7 La. App. 584 | La. Ct. App. | 1927

CLAIBORNE, J.

The circumstantial evidence in this case is so strong that it compels me to the irresistible conclusion that it was a shot fired by Howard Petty from a rifle in his hands that struck Charles D. Wright in the eye, and that, therefore, Charles D. Wright is entitled to a judgment against Howard Petty’s father, A. T. Petty, the defendant in this case.

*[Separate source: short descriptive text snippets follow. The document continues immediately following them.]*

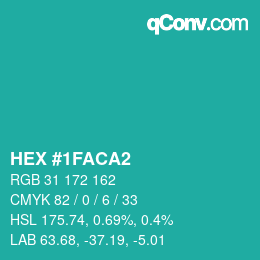 Color code: HEX #1FACA2 | qconv.com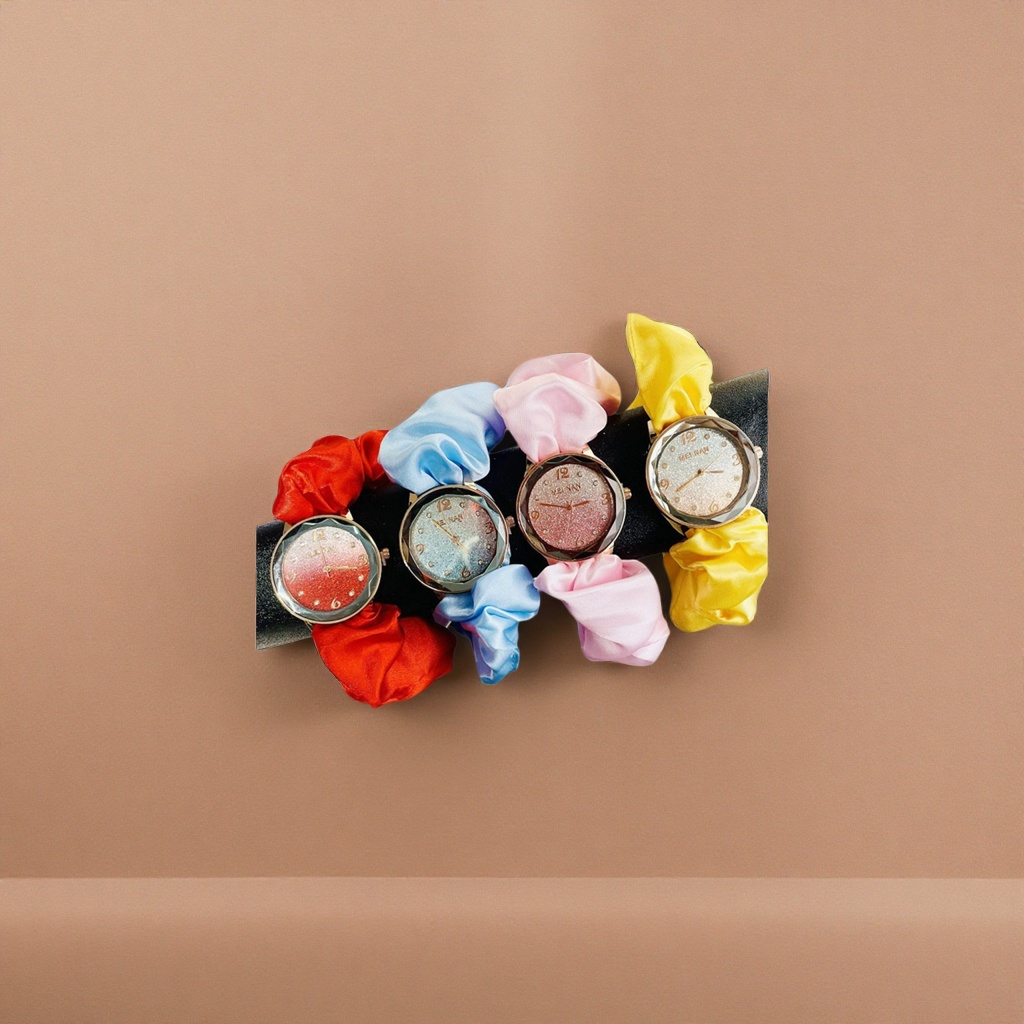A personalized wristwatch decorated with colorful silk hair bands and LED flashlights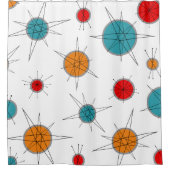 Rideaux De Douche Planètes rétro de l'ère atomique (Devant)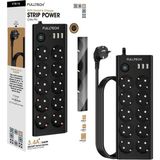 Mey İthalat Termal Akım Korumalı, 10'lu Priz Soketi, Isıya Dayanıklı Yapı, 10X Priz, 3x Usb, 1x Type-C Girişi, Çocuk Korumalı Çoğaltıcı, 2 Metre Uzatma Kablosu (16A/3680W)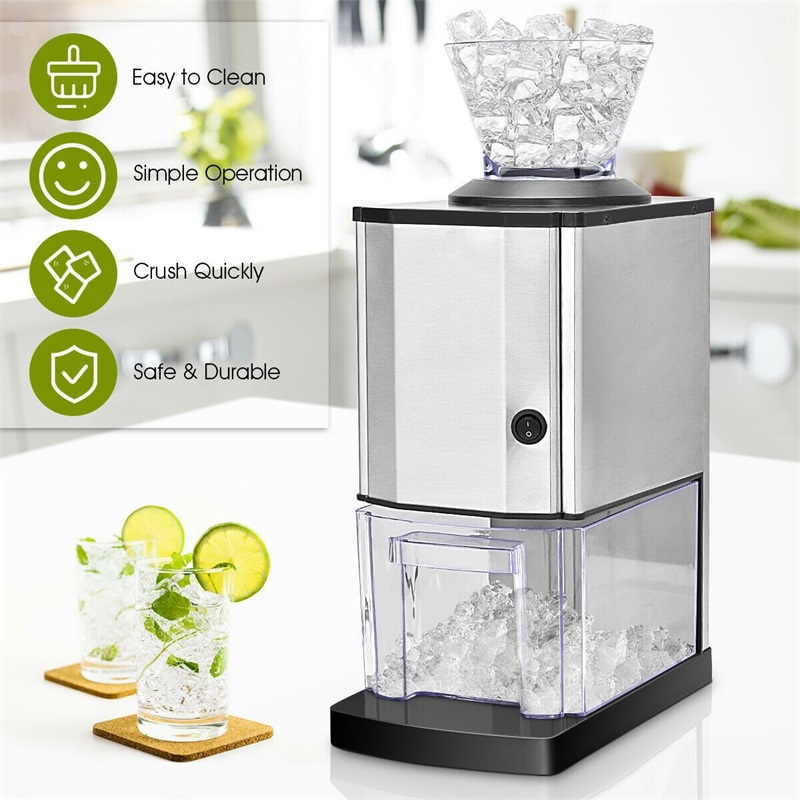 COSTWAY High Quality Electric Stainless Steel Ice Cube Shaver Maker Portable and Compact Ice Crusher Electric Machine For Party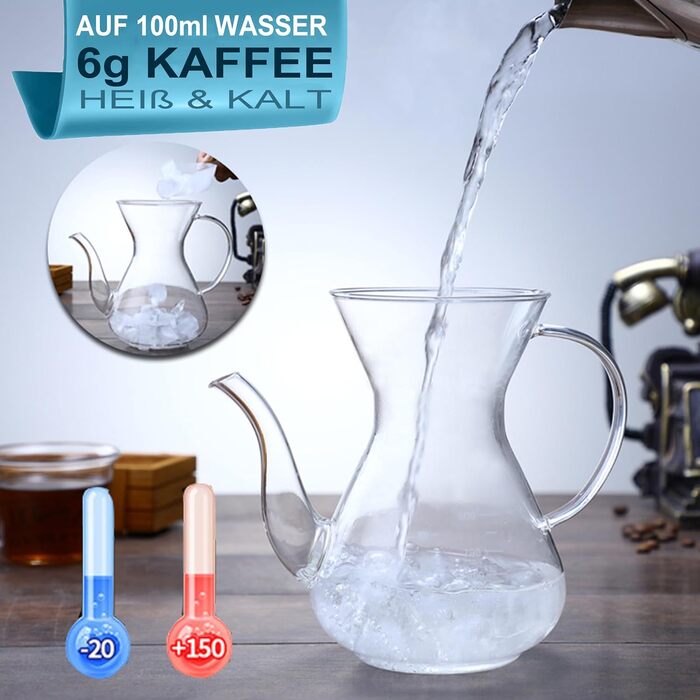 Кавоварка Pauzema 800 мл, кавоварка з постійним фільтром 6-8 чашок з ручкою Графин для кави Боросилікатне скло Термостійке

The facts are short and simple. Howard Petty, 14 years of age, held in his hands an air rifle loaded bith B.B. shots, and stood on the lower side of Eleonore street near the river side corner of Prytania street; near him was a boy, Prank Young, 9 years old; Prank borrowed the rifle and fired one shot at a post across the street; Howard then took back his rifle and said to Prank: “Watch me hit the other post,” and he aimed at a post upon the same side of the street upon which he stood driven some feet nearer the river upon the sidewalk near the street, and fired; just then a boy, Charles Wright, upon a bicycle running along Eleonore street, between Perrier and Prytania, in the direction of St. Charles, uttered a scream, and raising his hands from his wheel to his eyes, fell to the ground; his right eye had been violently struck by some hard substance and painfully injured. He was 'helped to his feet by a girl companion, Julia Harrell, 14 years old, and taken to the -home of an oculist, Young. Charles Wright is the main plaintiff in this ease. He sues the father of Howard, charging him with having fired the shot that struck his eye. Who else could have hurled that missile that struck plaintiff’s eye? There was no other rifle in that block or near there, nor was there anyone throwing stones, nor were there any stones on that street. Eleonore street is paved with asphalt from Coliseum to St. Charles. Perrier street is graveled, but it does not appear that any gravel was thrown from that street to Eleonore. Charles had come down into Eleonore street with other bicycle riders of his own age or younger, but they had come down Coliseum street and not Perrier. Besides Charles was hurt after he had passed Perrier street, and he and his companions were driving out St. Charles street turning their backs to Coliseum street and not likely to receive a gravel in the eye from that direction. It is also likely that the gravel would have been found at the place of the accident, but none was seen. The only defense is that the rifle fired by Howard carried, or sent a B.B. shot, only one hundred and twenty feet, while Charles was further off from Howard at the time he fired.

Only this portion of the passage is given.